Steven Schveighoffer schveiguy at yahoo.com
Fri Jun 28 20:39:29 PDT 2013


On Fri, 28 Jun 2013 18:00:54 -0400, JS <js.mdnq at gmail.com> wrote:

> On Friday, 28 June 2013 at 14:02:07 UTC, Steven Schveighoffer wrote:
>> On Fri, 28 Jun 2013 02:51:39 -0400, JS <js.mdnq at gmail.com> My argument  
>> is that auto should be left the way it is.  I don't want it to change.   
>> And variant already does what you want with less confusing semantics,  
>> no reason to add another feature.
>>
>> -Steve
>
> Using the auto keyword was just an example.  My argument does not depend  
> the specific keyword used. My "idea" is simply generalizing auto to use  
> forward inferencing.
>
> variant is NOT what I am talking about. It is not a performant time but  
> a union of types. I am talking about the compiler finding the best  
> choice for the type by looking ahead of the definition of the time.

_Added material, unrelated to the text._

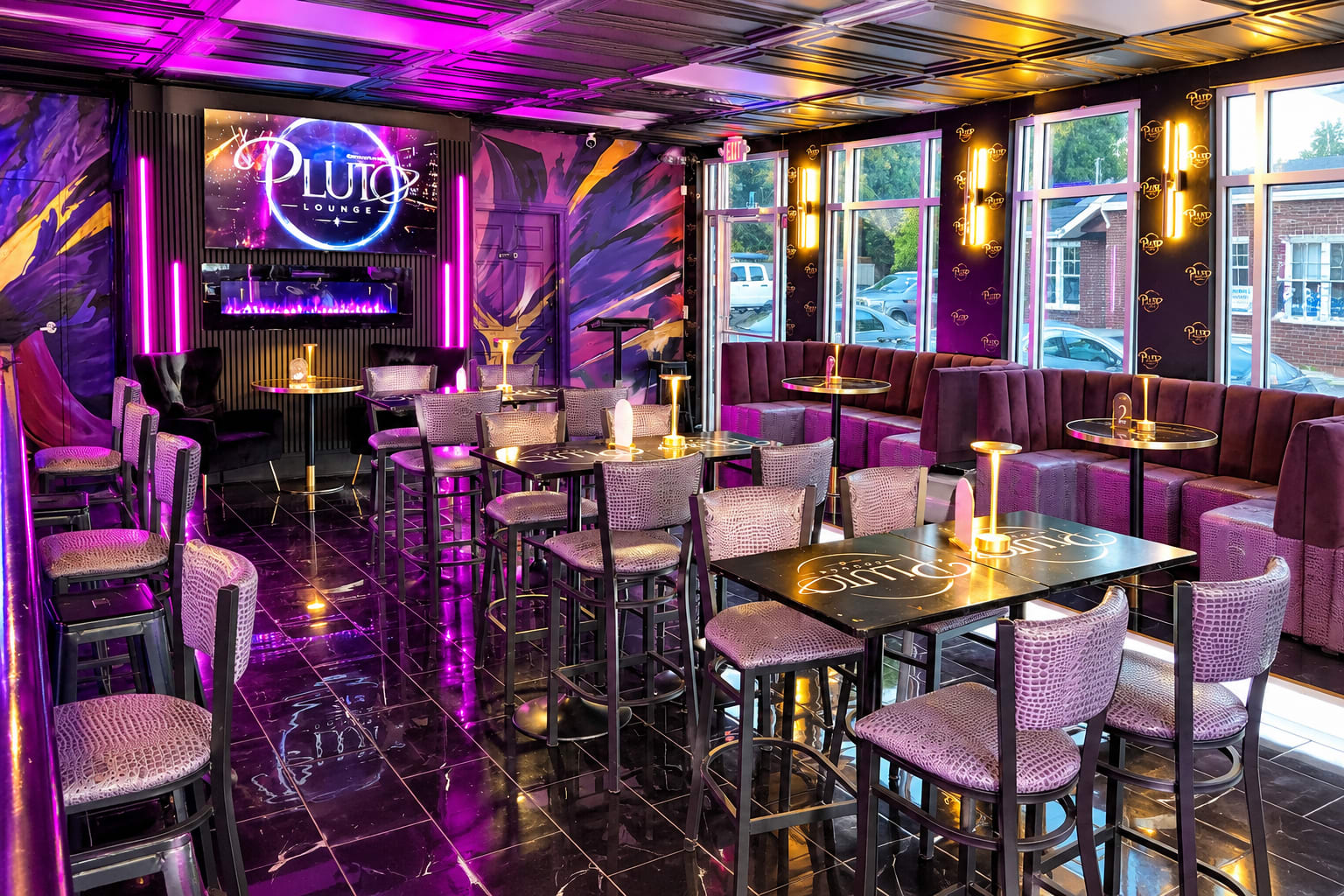 Photo 1 of 4: Pluto Lounge CLT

There is a possible way to solve this -- auto return types.  If you can  
fit your initialization of the variable into a function (even an inner  
function) that returns auto, then the compiler should be able to figure  
out the best type.

Example:

import std.stdio;

void main(string[] args)
{
     auto foo() {
         if(args.length > 1 && args[1] == "1")
             return 1;
         else
             return 2.5;
     }
     auto x = foo();
     writeln(typeof(x).stringof);
}

this outputs "double".

Granted, it doesn't solve the "general" case, where you want to use x  
before it's initialized a second time, but I think that really is just a  
programming error -- use a different variable.